Troca de calçada: uma análise da música de Marília Mendonça
Sempre soube que Marília Mendonça era uma grande compositora de músicas sertanejas e das famosas “sofrências”, essas canções que tratam especificamente sobre relacionamentos, decepções amorosas e frustações no que tange a vida à dois.
Mas, por conta de puro preconceito, da minha parte, para com a música sertaneja, que nunca tive muito apreço, ouvia pouco suas canções, mesmo reconhecendo a grande qualidade de suas letras.
Passei ouvi-la com mais frequência após sua morte. Infelizmente, deixei de fazer grandes reflexões sociais a partir das suas composições.
Mas hoje, no Facebook, me deparei com um magnífico corte do programa “The Voice”, no qual uma grande cantora cantava de forma magistral a sua música “Troca de Calçada”. Foi uma reinterpretação fenomenal, de deixar o “queixo caído” e ao mesmo tempo me fez refletir nos nossos pré-julgamentos, discriminações e na ideia absurda de nos acharmos e sentirmos que somos melhores que os outros.
A música fala de uma mulher que foi desprezada, maltratada, malcuidada e humilhada nos seus relacionamentos “de quinta”, e que por conta de tudo que sofreu, passou a se prostituir vendendo seu corpo nas esquinas da vida.
Mas, a compositora genial, pede na primeira estrofe da canção, para que não julguemos a “mulher da vida”, que não troquemos de calçada ao passar por ela, mas que fiquemos em silêncio, “sem apontar o dedo” e “sem julgar tão cedo”, pois “ela tem motivos para estar desse jeito”, não devemos pré julgá-la.
“Se alguém passar por ela
Fique em silêncio, não aponte o dedo
Não julgue tão cedo
Ela tem motivos pra estar desse jeito
Isso é preconceito
Viveu tanto desprezo
Que até Deus duvida e chora lá de cima
Era só uma menina
Que dedicou a vida a amores de quinta”.
Essa canção é um convite a tolerância, ao respeito a dor alheia, para nos colocarmos no lugar do outro. Para que pratiquemos a solidariedade e a compaixão.
Essa mulher, relatada na canção, é uma vítima de relacionamentos tóxicos e abusivos. Como milhares de outras mulheres também são. Essa mulher, muito antes de ser usada como prostituta, por seus “clientes” foi usada, menosprezada e esfrangalhada por seus parceiros de outrora. Por isso:
“Pra ter o corpo quente, eu congelei meu coração
Pra esconder a tristeza, maquiagem à prova d'água
Hoje você me vê assim e troca de calçada
Só que amar dói muito mais do que o nojo na sua cara.

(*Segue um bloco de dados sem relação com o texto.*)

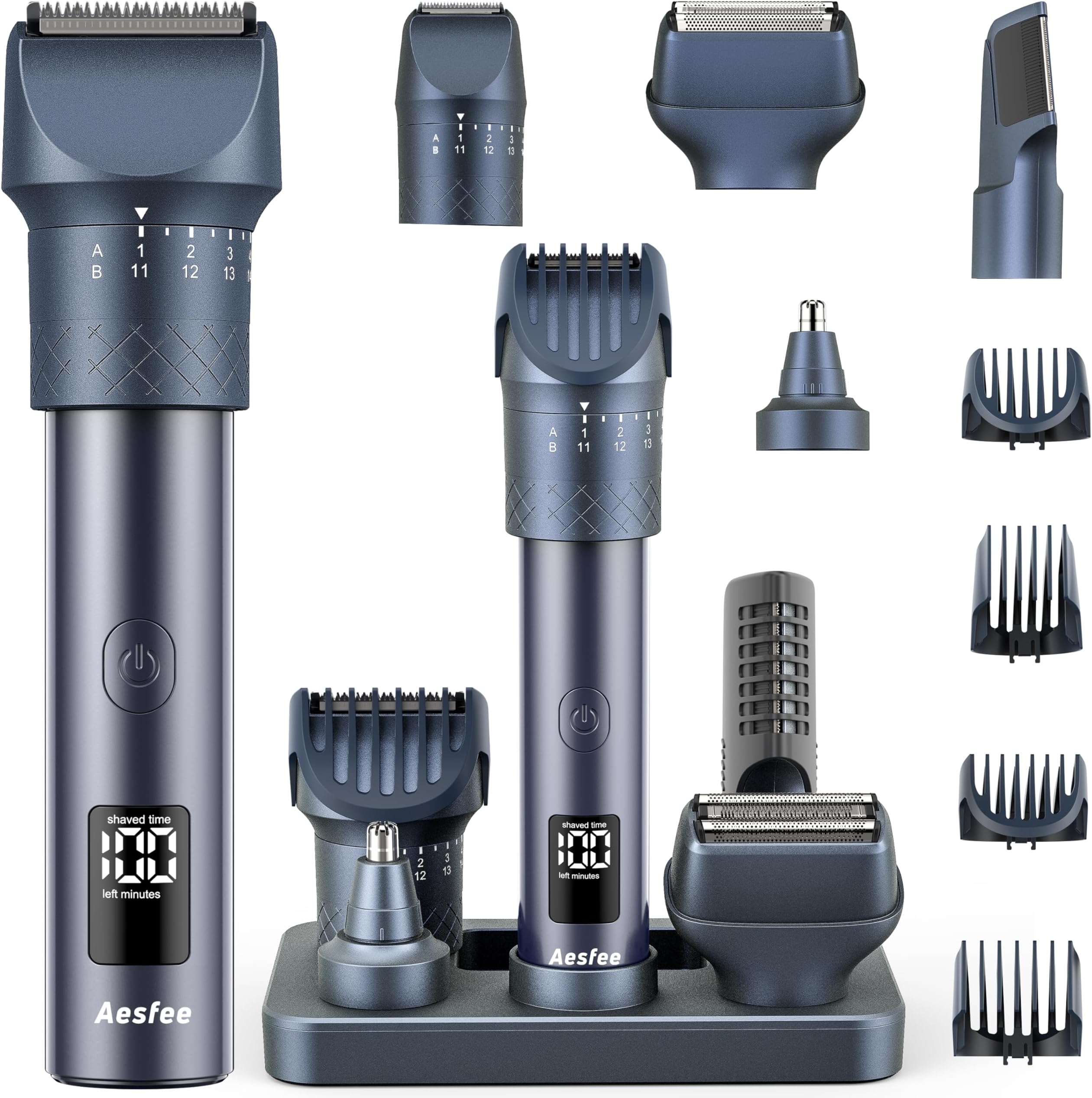 Men's Beard Trimmer 5-in-1 Grooming Kit, Hair Clipper for Men 20 Adjustable Settings IPX7 Waterproof, USB-C Charging Dock with LED Display & Travel Lock, Gift for Men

Pra ter o corpo quente, eu congelei meu coração
Pra esconder a tristeza, salto 15 e minissaia
Hoje você me vê assim e troca de calçada
Mas se soubesse um terço da história, me abraçava
E não me apedrejava”.
A canção termina falando que essa mulher um dia sonhou em formar uma família, ser uma esposa dedicada e ser feliz. Como todo ser humano, tinha esperança de uma vida melhor, fez planos e metas de um futuro brilhante.
“É claro que ela já sonhou em se casar um dia
Não estava nos planos ser vergonha pra família
Cada um que passou levou um pouco da sua vida
E o resto que sobrou, ela vende na esquina.”
Em suma, essa canção é o retrato de milhares, talvez milhões, de mulheres que sofreram e sofrem com sucessivos relacionamentos, que mesmo que não caiam na prostituição, suas vidas sucumbiram ao caos. A infelicidade e a desesperança levam o ser humano ao inferno astral e ao fundo do poço existencial.
Pouca coisa faz tão mal ao ser humano como um péssimo relacionamento. Faz a nossa vida murchar. Faz o nosso semblante se abater. Faz a nossa alegria desaparecer. Faz nossa força desvanecer e faz a vida esmorecer.
Que possamos olhar para os que sofrem sem julgamentos e com compaixão, como bem disse a rainha da sofrência, nessa linda canção.